The computational cost of neural networks can be reduced by pruning redundant weights or neurons, which has been shown to work well [8, 22, 12]. Alternatively, the precision of the network weights and activations may be lowered, potentially introducing sparsity. Using low precision computations to reduce the cost and sparsity to skip computations allows for efficient hardware implementations [16, 36]. This is the approach used in this paper.

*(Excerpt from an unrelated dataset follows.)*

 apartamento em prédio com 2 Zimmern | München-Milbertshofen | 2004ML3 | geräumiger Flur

BinaryConnect [4] proposed training with binary weights, while XNOR-Net [28] and BNN [10] extended this binarization to activations as well. TWN [15] proposed ternary quantization instead, increasing model expressiveness. Similarly, TTQ [44] used ternary weights with a positive and negative scaling learned during training. LR-Net [32] made use of both binary and ternary weights by using stochastic parameterization while INQ [42] constrained weights to powers of two and zero. FGQ [19] categorized weights in different groups and used different scaling factors to minimize the element-wise distance between full and low-precision weights. [38] used the hardware accelerator’s feedback to perform hardware-aware quantization using reinforcement learning. [40] jointly trained quantized networks and respective quantizers. [29] used Bloomier filters to compactly encode network weights.

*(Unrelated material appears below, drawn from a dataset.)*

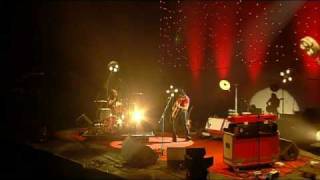 The White Stripes - I Want To Be The Boy To Warm Your Mothers Heart. Reading Festival 2004. 6/12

Similarly, quantization techniques can also be applied in the backward pass. Therefore, some previous work quantized not only weights and activations but also the gradients to augment training performance [43, 7, 3]. In particular, RQ [17] propose a differentiable quantization procedure to allow for gradient-based optimization using discrete values and [39] recently proposed to discretize weights, activations, gradients, and errors both at training and inference time.

These quantization techniques have great benefits and have shown to successfully reduce the computation requirements compared to full-precision models. However, all the aforementioned methods require re-training of the quantized network to achieve close to full-precision accuracy, which can introduce significant financial and environmental cost [34]. On the other hand, our method instantly quantizes pre-trained neural networks with minimal accuracy loss as compared to their full-precision counterparts without any kind of additional training.

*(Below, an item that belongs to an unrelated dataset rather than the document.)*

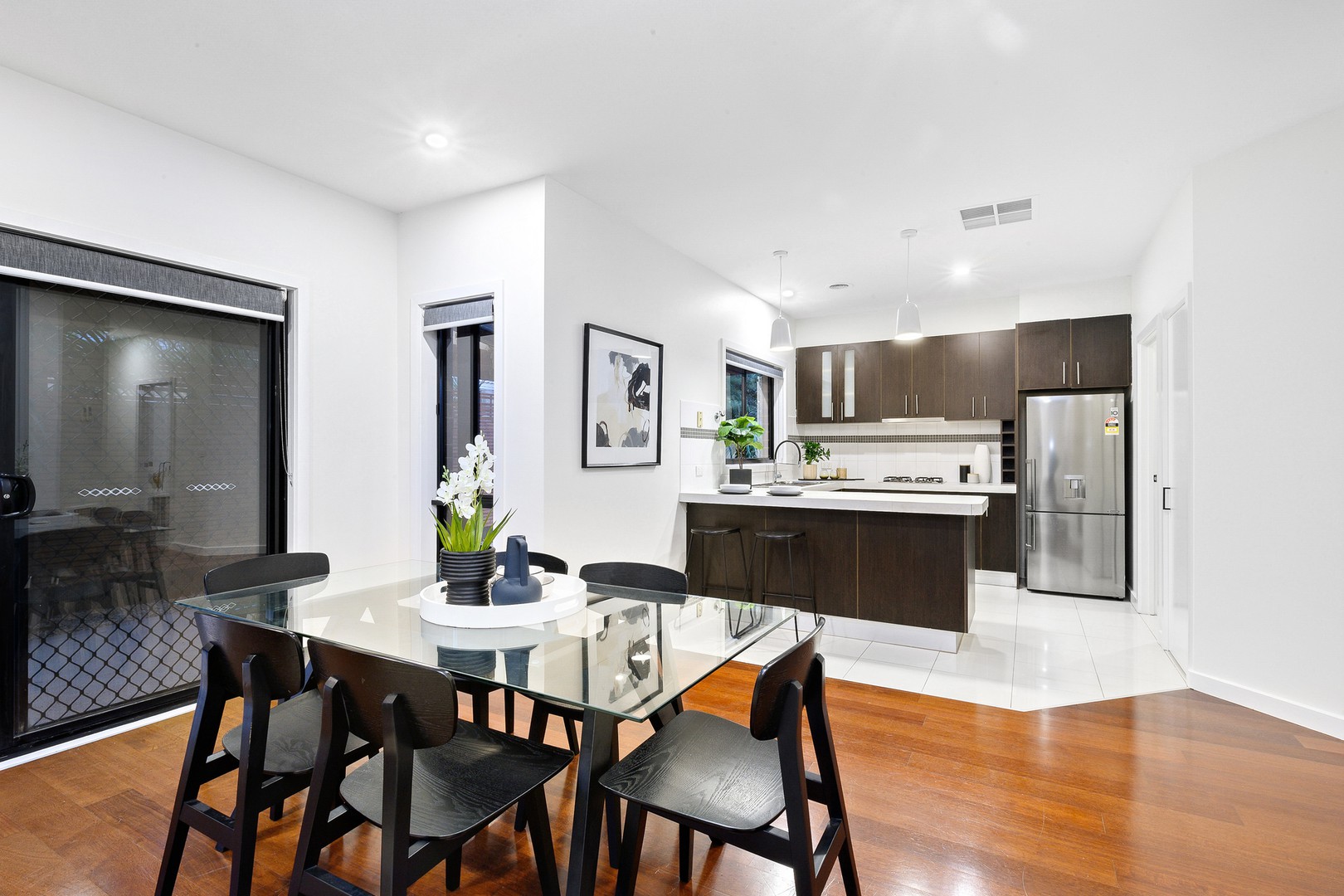 16 Dobell Crescent, Caroline Springs, VIC 3023, Caroline Springs - Thumbnail 5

3 Neural Networks and Monte Carlo Methods

Neural networks make extensive use of randomization and random sampling techniques. Examples are random initialization of network weights, stochastic gradient descent [30], regularization techniques such as Dropout [33] and DropConnect [37], data augmentation and data shuffling, recurrent neural networks’ regularization [20], or the generator’s noise input on generative adversarial networks [6].

Many state-of-the-art networks use ReLU [24], which has interesting properties such as scale-invariance. This enables a scaling factor to be propagated through all network layers without affecting the network’s original output. This principle can be used to normalize network values, such as weights and activations, as further described in Section 3.1. After normalization, these values can be treated as probabilities, which enables the simulation of discrete probability densities to approximate the corresponding full-precision, continuous distributions (Section 3.2).

3.1 Network Normalization

Assuming the exclusive use of the ReLU activation function in the hidden layers, the scale-invariance property of the ReLU activation function allows for arbitrary scaling of the weights or activations without affecting the network’s output. Given weights $w_{l-1,i,j}$ connecting the $i$ -th neuron in layer $l-1$ to the $j$ -th neuron in layer $l$ , where $i\in\left[0,N_{l-1}-1\right]$ and $j\in\left[0,N_{l}-1\right]$ , with $N_{l-1}$ and $N_{l}$ the number of neurons of layer $l-1$ and $l$ , respectively. Let $a_{l,j}$ be the $j$ -th activation in the $l$ -th layer and $f\in\mathbb{R}^{+}$ : $a_{l,j}=max\Bigg{\{}0,\sum_{i=0}^{N_{l-1}-1}w_{l-1,i,j}a_{l-1,i}+b_{l,j}\Bigg{\}}=f\cdot max\Bigg{\{}0,\frac{\sum_{i=0}^{N_{l-1}-1}w_{l-1,i,j}a_{l-1,i}+b_{l,j}}{f}\Bigg{\}}.$

Biases and incoming weights for neuron $j$ in layer $l$ may then be normalized by $f=\|\mathbf{w}_{l-1,j}\|_{1}=\sum_{i=0}^{N_{l-1}-1}|w_{l-1,i,j}|$ ,

enabling weights to be seen as a probability distribution over all connections to a neuron. A similar procedure could be used to normalize all activations $a_{l,j}$ of layer $l$ .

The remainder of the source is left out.